To be accurate, just about everybody needs an emergency fund. Why? With an emergency fund you’ll have cash available for when things go wrong. And if you have been recently widowed, you can expect just about anything to go wrong. An emergency fund ensures you can deal with the unexpected. You’ll feel better prepared knowing it’s there.
Dave Ramsey, a personal money-management expert, popular author and national radio personality, is a big advocate of emergency funds; in fact, it’s his Baby Step #1. He suggests putting $1,000 aside to get your emergency fund started. He then proposes adding to it in Baby Step #3 after you’ve reduced your debt to only your home mortgage.
His recommendation is to put 3-6 months of living expenses into your emergency fund, which is simply a rule of thumb but a nice starting point. If you were a two-income earner family, with stable jobs and income, three months may have been sufficient. Now widowed, you probably need more than that, up to six months, and perhaps up to a year’s worth if you’re also caring for a young child(ren) or dealing with medical conditions.

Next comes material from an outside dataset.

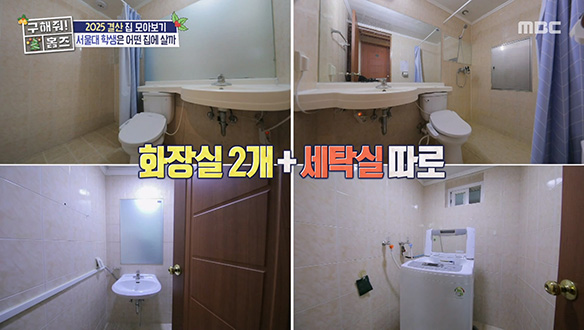 <서울대 임장> 배도 마음도 든든한 서울대 학생의 향토학사 탐방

The reason for this larger amount is to ensure you don’t fall into debt when there is a crisis – water heaters, car repairs and new roofs are expensive! The last thing you want to do is put the cost of a new furnace on your credit card and make minimum monthly payments while racking up nineteen percent – or worse – interest charges. Nor do you want to be forced to invade your IRA for the cash – especially when you are going to incur taxes and possibly a 10% penalty for early withdrawal. An emergency fund provides you ready and penalty-free cash when things go wrong.
It’s also a good idea to keep these funds liquid, meaning available today. The best place is probably your bank savings or money market account, but not if it’s also providing your checking account overdraft protection. Your checking account is not a good place, because it’s too easy to access. You’re in the habit of spending what’s in your checking account, not saving. Using short-term certificates of deposit – like a three-month CD – may be alright for a portion of your emergency funds, but you don’t want to wait until maturity when you need the money today. I advise talking to a professional to determine the best plan for you.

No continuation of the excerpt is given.